🤖 AI Summary
Prior bias research in multimodal AI has largely overlooked the influence of linguistic structure—particularly grammatical gender—on visual representations generated by text-to-image (T2I) models. Method: We construct a cross-lingual benchmark covering five grammatical-gender languages and two grammatical-gender-neutral languages, and systematically evaluate three state-of-the-art T2I models, generating 28,800 images for quantitative analysis. Contribution/Results: We provide the first empirical evidence that grammatical gender induces systematic visual biases: masculine grammatical gender increases male representation to 73%, while feminine gender elevates female representation to 38%—both significantly deviating from the English gender-neutral baseline.
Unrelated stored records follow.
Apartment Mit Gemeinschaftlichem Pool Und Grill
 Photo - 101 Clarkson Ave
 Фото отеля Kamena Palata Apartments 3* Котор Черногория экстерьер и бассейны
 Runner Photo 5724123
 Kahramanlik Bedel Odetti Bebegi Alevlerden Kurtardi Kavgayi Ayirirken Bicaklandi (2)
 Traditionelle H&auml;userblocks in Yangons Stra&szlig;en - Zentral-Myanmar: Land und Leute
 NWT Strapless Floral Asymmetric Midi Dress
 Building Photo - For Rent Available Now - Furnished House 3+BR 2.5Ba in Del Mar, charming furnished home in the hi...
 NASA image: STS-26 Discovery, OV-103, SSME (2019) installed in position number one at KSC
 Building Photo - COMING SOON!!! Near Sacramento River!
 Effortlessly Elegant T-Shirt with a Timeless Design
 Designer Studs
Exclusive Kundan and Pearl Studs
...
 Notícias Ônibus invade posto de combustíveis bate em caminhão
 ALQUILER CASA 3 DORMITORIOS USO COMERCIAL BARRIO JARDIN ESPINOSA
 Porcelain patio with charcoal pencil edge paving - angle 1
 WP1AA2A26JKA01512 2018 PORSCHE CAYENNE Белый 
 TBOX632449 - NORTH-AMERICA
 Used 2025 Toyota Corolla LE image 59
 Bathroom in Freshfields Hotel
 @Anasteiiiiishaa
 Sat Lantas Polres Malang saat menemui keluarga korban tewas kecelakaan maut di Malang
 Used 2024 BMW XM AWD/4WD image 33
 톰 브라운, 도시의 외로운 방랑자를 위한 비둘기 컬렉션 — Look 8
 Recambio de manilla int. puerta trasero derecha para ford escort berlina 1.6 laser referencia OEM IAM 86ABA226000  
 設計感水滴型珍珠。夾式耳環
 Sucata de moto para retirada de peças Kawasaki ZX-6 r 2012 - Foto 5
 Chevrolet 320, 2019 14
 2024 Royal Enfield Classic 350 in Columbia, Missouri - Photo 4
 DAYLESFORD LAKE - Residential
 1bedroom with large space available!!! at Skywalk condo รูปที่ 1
We formally introduce “grammatical gender” as a critical new dimension of multimodal fairness, offering both theoretical grounding and empirical validation for how syntactic properties of language shape AI-generated visual content. This work bridges a longstanding gap in bias assessment by integrating linguistic typology into multimodal fairness evaluation.
📝 Abstract
Research on bias in Text-to-Image (T2I) models has primarily focused on demographic representation and stereotypical attributes, overlooking a fundamental question: how does grammatical gender influence visual representation across languages? We introduce a cross-linguistic benchmark examining words where grammatical gender contradicts stereotypical gender associations (e.g., ``une sentinelle'' - grammatically feminine in French but referring to the stereotypically masculine concept ``guard''). Our dataset spans five gendered languages (French, Spanish, German, Italian, Russian) and two gender-neutral control languages (English, Chinese), comprising 800 unique prompts that generated 28,800 images across three state-of-the-art T2I models. Our analysis reveals that grammatical gender dramatically influences image generation: masculine grammatical markers increase male representation to 73% on average (compared to 22% with gender-neutral English), while feminine grammatical markers increase female representation to 38% (compared to 28% in English). These effects vary systematically by language resource availability and model architecture, with high-resource languages showing stronger effects. Our findings establish that language structure itself, not just content, shapes AI-generated visual outputs, introducing a new dimension for understanding bias and fairness in multilingual, multimodal systems.